Plasma antithrombin-III (AT-III), protein S, and protein C were measured during myocardial stunning (MS) and acute myocardial infarction (AMI). The effects of magnesium (Mg), diltiazem, and a Mac-1 inhibitor on their plasma levels were elucidated. Forty-nine open-chest swine underwent brief (8 min) or prolonged (50 min) coronary artery occlusion followed by reperfusion. During MS an increase in the plasma AT-III (from 98.5 +/- 3.38% to 138.1 +/- 3.6%) during the early occlusion phase, without any further changes was observed. The profile of total protein S was not changed during MS. Protein C increased at the end of occlusion (from 45.3 +/- 1.8% to 55.7 +/- 1.4%) reaching a peak (64.5 +/- 1.4%) at the beginning of reperfusion. When compared with controls, no significant differences were found in the antithrombotics profile during MS after pretreatment with Mac-1 inhibitor. For the AMI, the AT-III decreased during occlusion (from 98.5 +/- 3.4% to 61.0 +/- 3.6%). The protein S decreased during occlusion with the lowest level at 1 h of reperfusion (from 71.8 +/- 2.2% to 46.7 +/- 1.0%), followed by an increase during late reperfusion (59.2 +/- 1.5%).

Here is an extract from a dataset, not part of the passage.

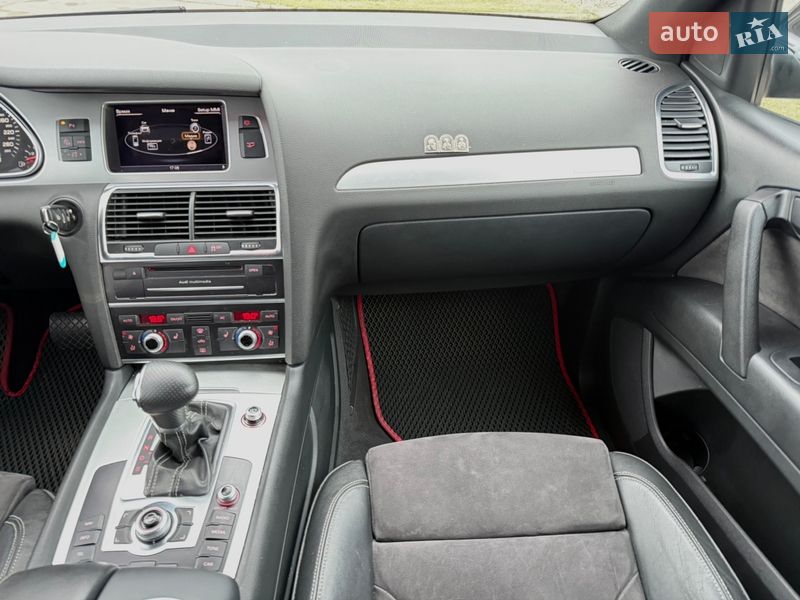 Внедорожник / Кроссовер Audi Q7 2012 в Киеве фото 23 Внедорожник / Кроссовер Audi Q7 2012 в Киеве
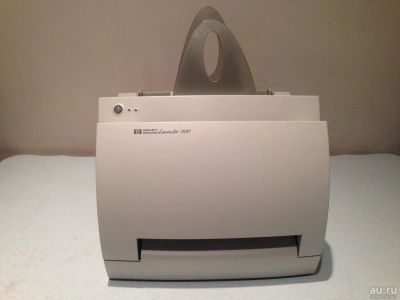 Лот: 9215114. Фото: 1. Лазерный принтер HP LaserJet 1100. Лазерные принтеры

Contrarily, protein C increased during occlusion and early reperfusion (from 44.7 +/- 2.6% to 79.4 +/- 2.4%), but declined to 49.6 +/- 2.5% thereafter. In both Mg and diltiazem-treated swine, protein C was higher at the end of occlusion and during the entire reperfusion period compared with controls. Mg and diltiazem therapy was associated with the slight elevation of plasma AT-III. The patterns for protein S level during ischemia-reperfusion were similar with the controls. Protein S was higher at the end of occlusion and through the entire reperfusion in the NPC 15669-treated animals when compared with the controls. Mac-1 inhibition was associated with the elevated protein C during late reperfusion. Ability of Mg, diltiazem, and Mac-1 inhibitor to favorably modulate the plasma level of antithrombotics have direct clinical implications for the use of these agents in patients with acute coronary artery syndromes.